PROVIDED INFORMATION >>
*****

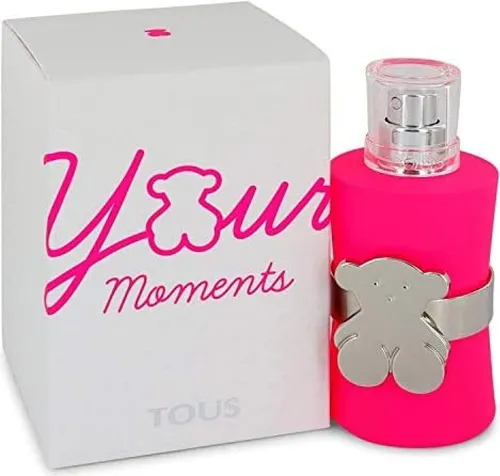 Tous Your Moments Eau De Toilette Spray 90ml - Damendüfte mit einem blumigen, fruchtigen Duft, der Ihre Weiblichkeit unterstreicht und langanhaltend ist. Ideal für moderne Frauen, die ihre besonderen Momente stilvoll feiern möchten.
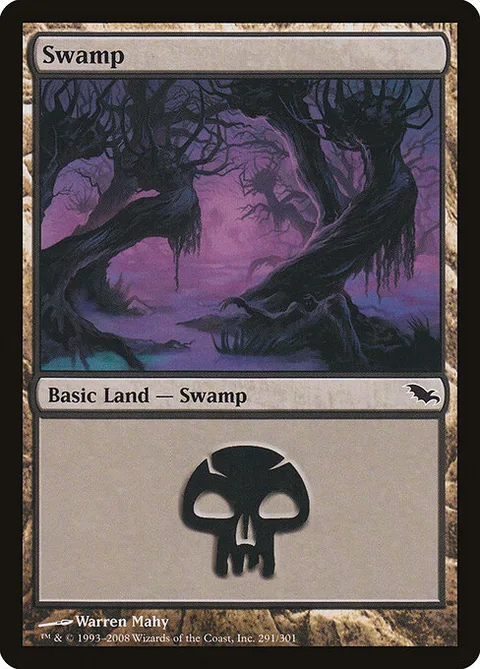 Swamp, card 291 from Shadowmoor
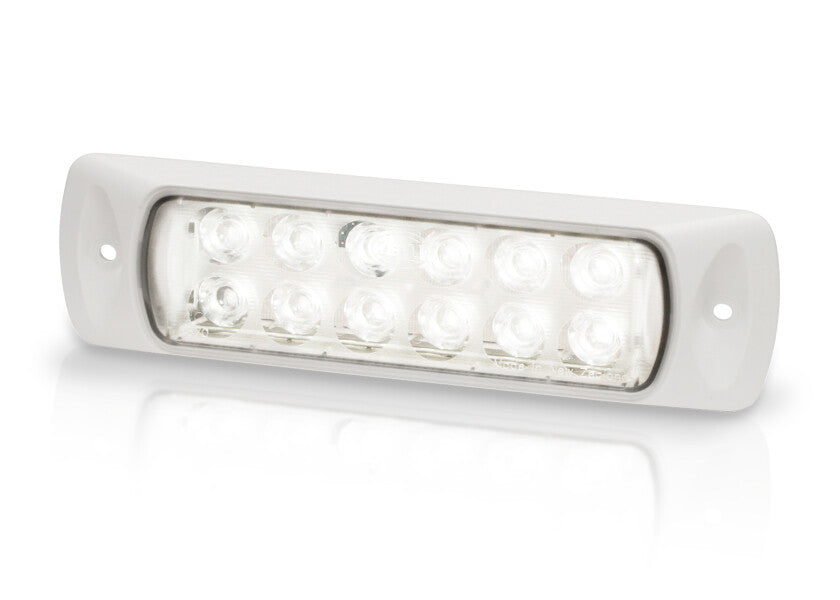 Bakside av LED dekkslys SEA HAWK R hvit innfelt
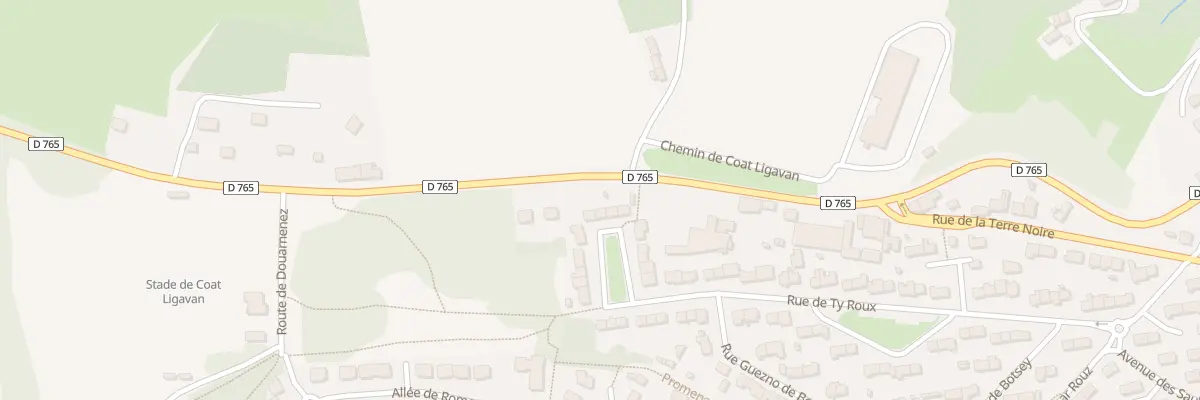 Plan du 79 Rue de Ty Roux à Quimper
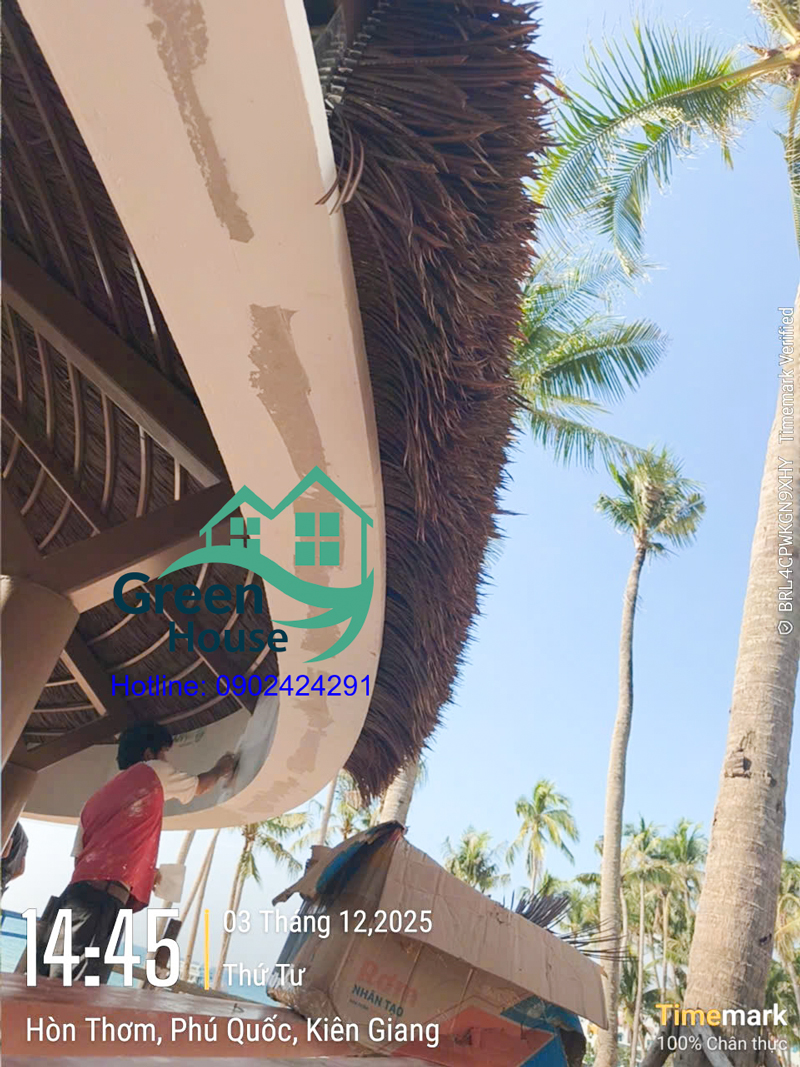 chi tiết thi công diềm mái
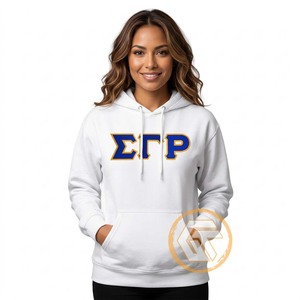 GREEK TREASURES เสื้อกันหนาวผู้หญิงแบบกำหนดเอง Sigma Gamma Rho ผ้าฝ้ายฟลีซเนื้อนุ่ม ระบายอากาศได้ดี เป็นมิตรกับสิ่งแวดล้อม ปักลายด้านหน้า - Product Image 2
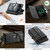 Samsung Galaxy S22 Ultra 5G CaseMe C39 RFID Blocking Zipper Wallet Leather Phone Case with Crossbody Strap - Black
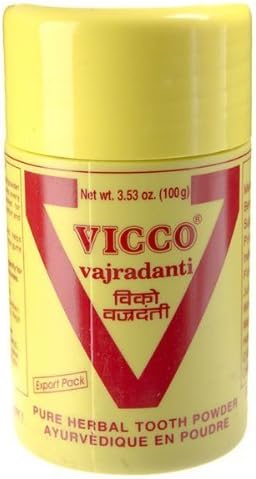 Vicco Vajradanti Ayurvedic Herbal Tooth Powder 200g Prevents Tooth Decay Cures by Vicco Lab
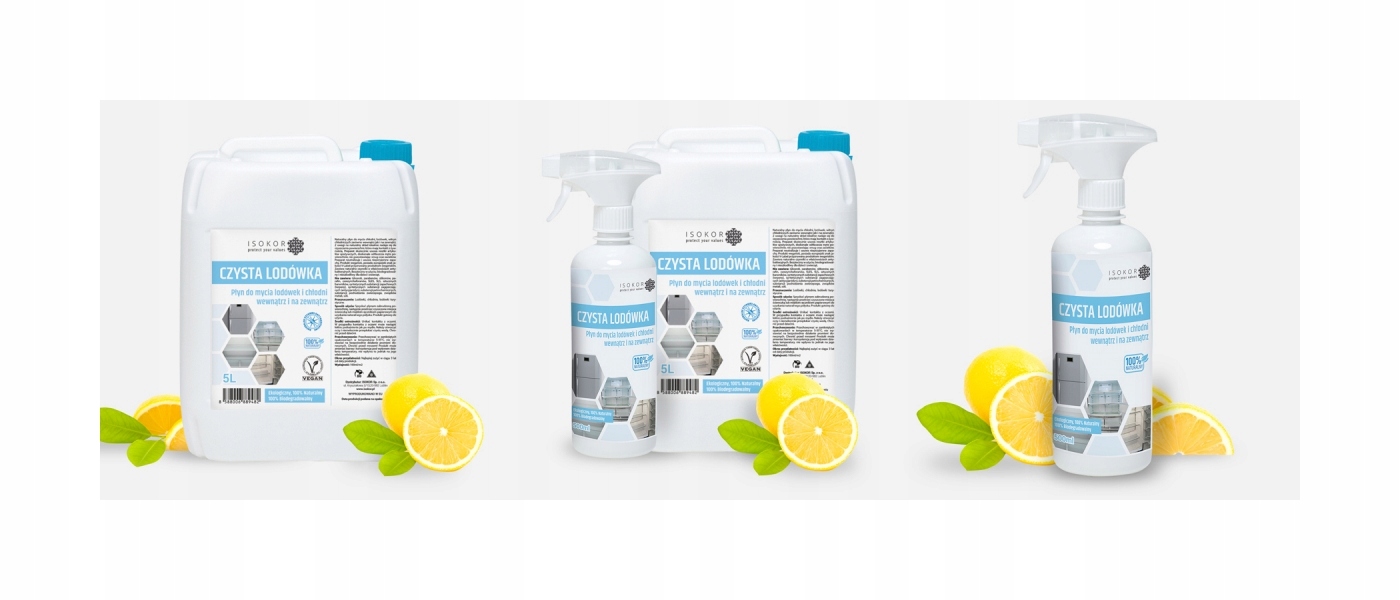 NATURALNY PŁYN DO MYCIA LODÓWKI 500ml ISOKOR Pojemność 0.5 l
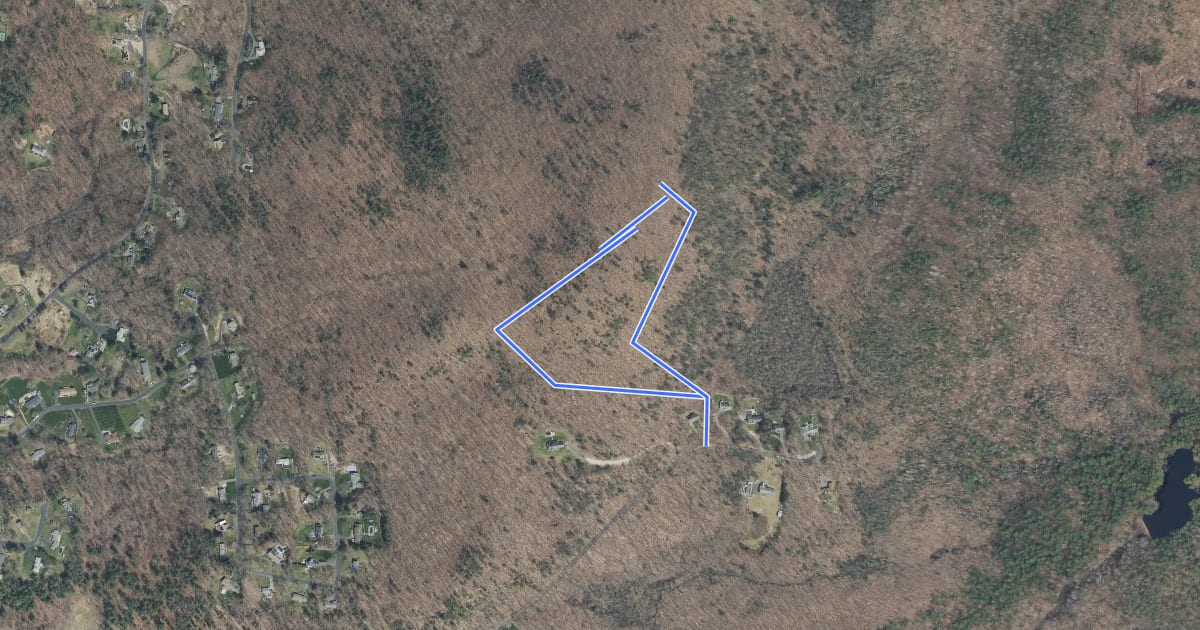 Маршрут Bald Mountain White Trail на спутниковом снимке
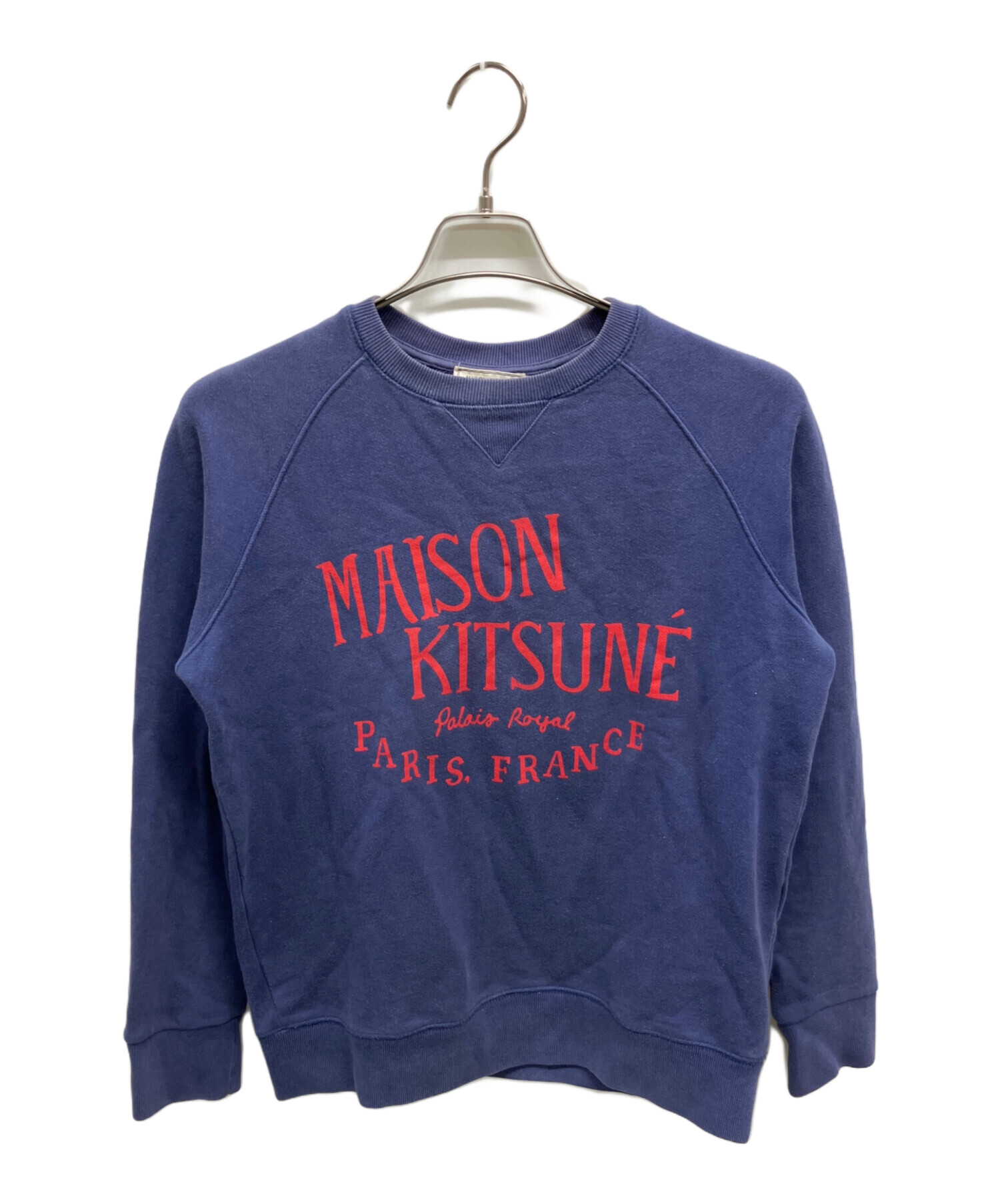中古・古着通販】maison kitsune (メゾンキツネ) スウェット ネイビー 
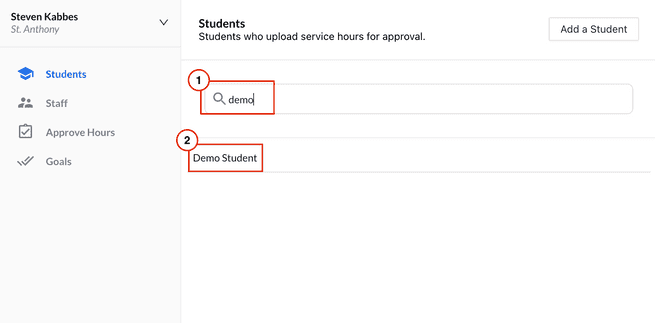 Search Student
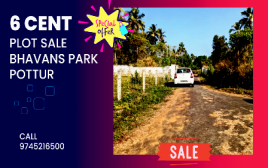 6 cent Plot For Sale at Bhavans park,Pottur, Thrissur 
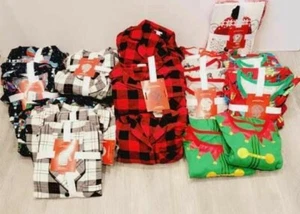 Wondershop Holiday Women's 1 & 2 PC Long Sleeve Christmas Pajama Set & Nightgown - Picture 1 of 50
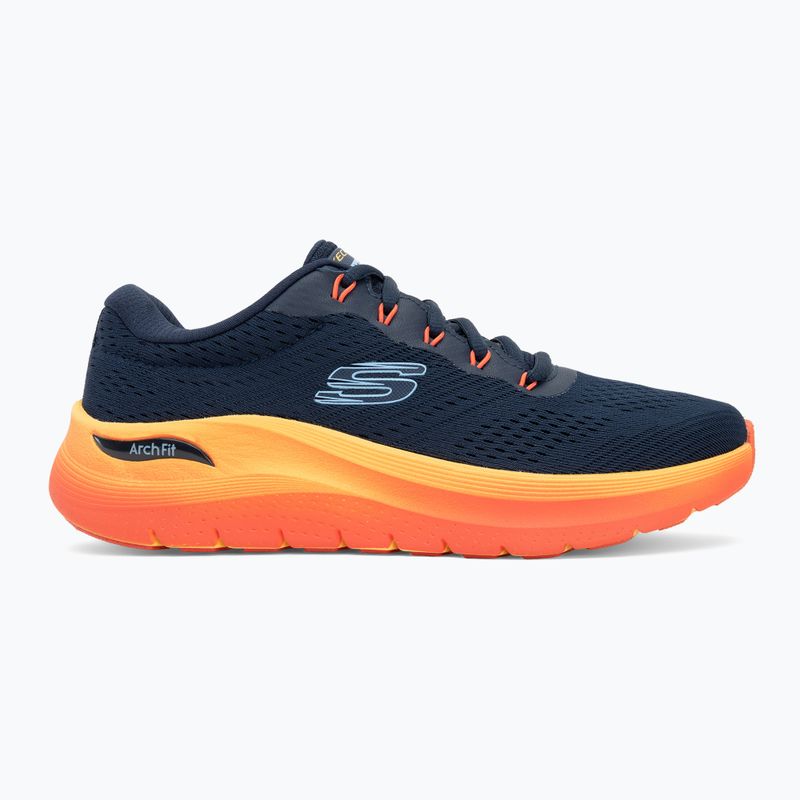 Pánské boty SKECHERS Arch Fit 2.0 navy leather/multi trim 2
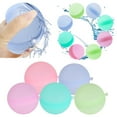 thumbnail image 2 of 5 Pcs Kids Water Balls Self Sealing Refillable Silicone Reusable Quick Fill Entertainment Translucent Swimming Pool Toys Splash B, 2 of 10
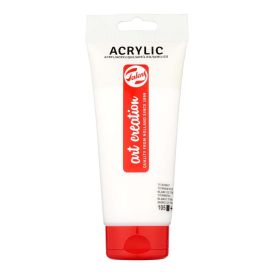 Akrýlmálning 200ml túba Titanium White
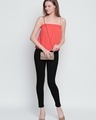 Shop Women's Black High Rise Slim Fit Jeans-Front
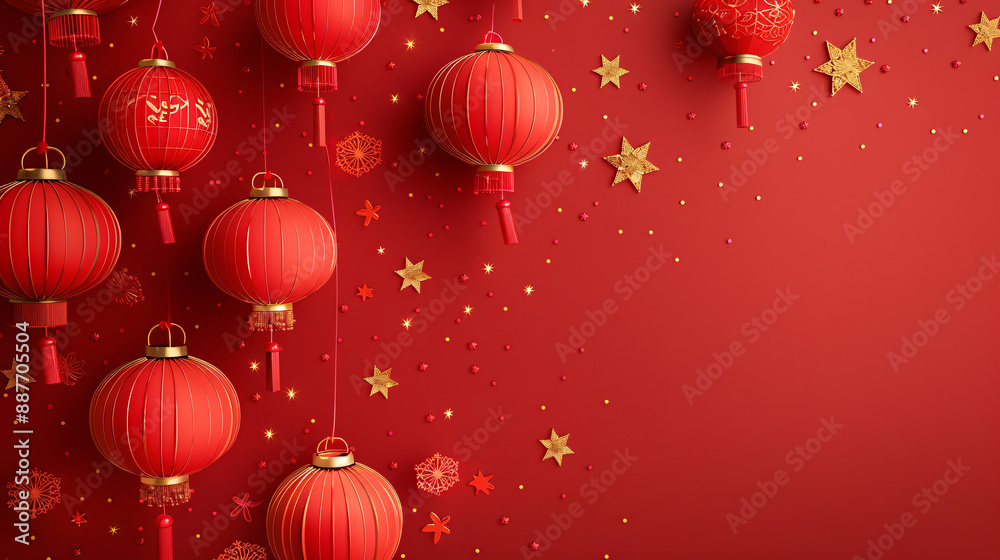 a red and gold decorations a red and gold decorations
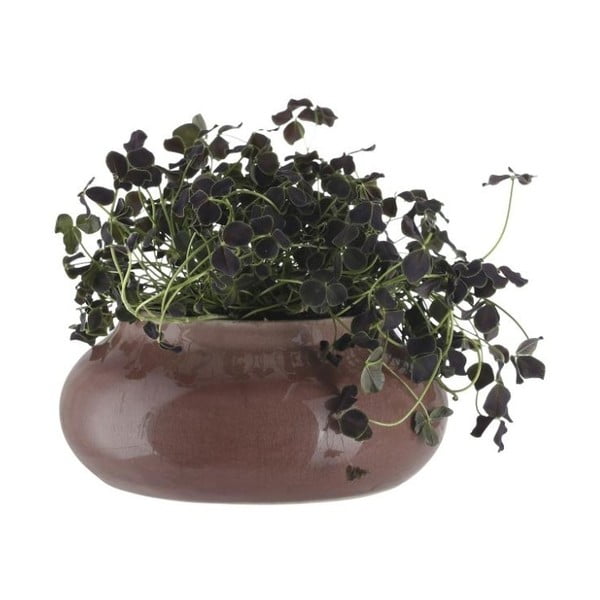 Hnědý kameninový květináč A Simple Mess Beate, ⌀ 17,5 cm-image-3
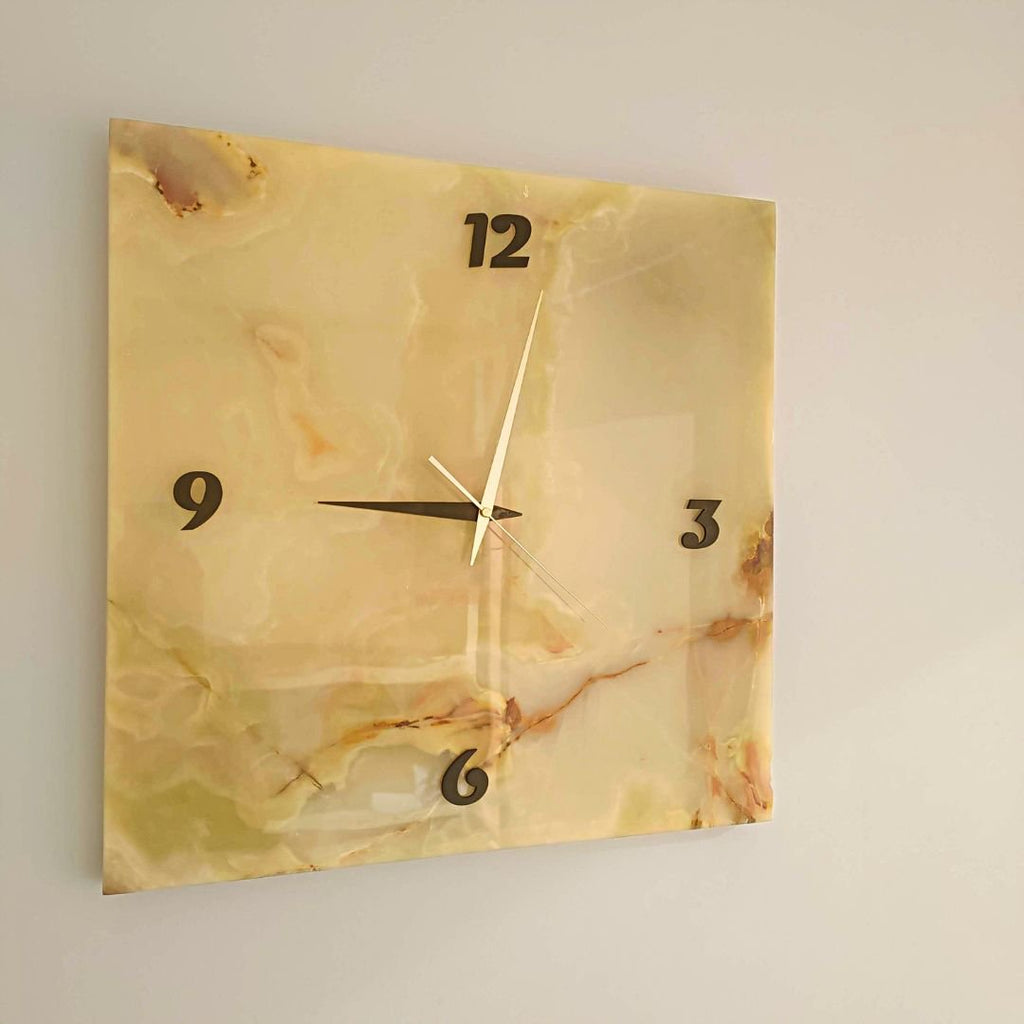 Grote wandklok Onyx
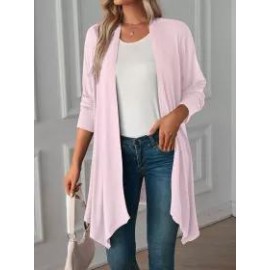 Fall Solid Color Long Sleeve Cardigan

*****

ABOUT THIS EXERCISE >> Starting at the first line of the records and stopping after the line with "Akrýlmálning 200ml túba Titanium White", copy each line exactly; pictures stay out.

ANSWER SECTION >>
 Tous Your Moments Eau De Toilette Spray 90ml - Damendüfte mit einem blumigen, fruchtigen Duft, der Ihre Weiblichkeit unterstreicht und langanhaltend ist. Ideal für moderne Frauen, die ihre besonderen Momente stilvoll feiern möchten.
 Swamp, card 291 from Shadowmoor
 Bakside av LED dekkslys SEA HAWK R hvit innfelt
 Plan du 79 Rue de Ty Roux à Quimper
 chi tiết thi công diềm mái
 GREEK TREASURES เสื้อกันหนาวผู้หญิงแบบกำหนดเอง Sigma Gamma Rho ผ้าฝ้ายฟลีซเนื้อนุ่ม ระบายอากาศได้ดี เป็นมิตรกับสิ่งแวดล้อม ปักลายด้านหน้า - Product Image 2
 Samsung Galaxy S22 Ultra 5G CaseMe C39 RFID Blocking Zipper Wallet Leather Phone Case with Crossbody Strap - Black
 Vicco Vajradanti Ayurvedic Herbal Tooth Powder 200g Prevents Tooth Decay Cures by Vicco Lab
 NATURALNY PŁYN DO MYCIA LODÓWKI 500ml ISOKOR Pojemność 0.5 l
 Маршрут Bald Mountain White Trail на спутниковом снимке
中古・古着通販】maison kitsune (メゾンキツネ) スウェット ネイビー 
 Search Student
 6 cent Plot For Sale at Bhavans park,Pottur, Thrissur 
 Wondershop Holiday Women's 1 & 2 PC Long Sleeve Christmas Pajama Set & Nightgown - Picture 1 of 50
 Pánské boty SKECHERS Arch Fit 2.0 navy leather/multi trim 2
 thumbnail image 2 of 5 Pcs Kids Water Balls Self Sealing Refillable Silicone Reusable Quick Fill Entertainment Translucent Swimming Pool Toys Splash B, 2 of 10
 Akrýlmálning 200ml túba Titanium White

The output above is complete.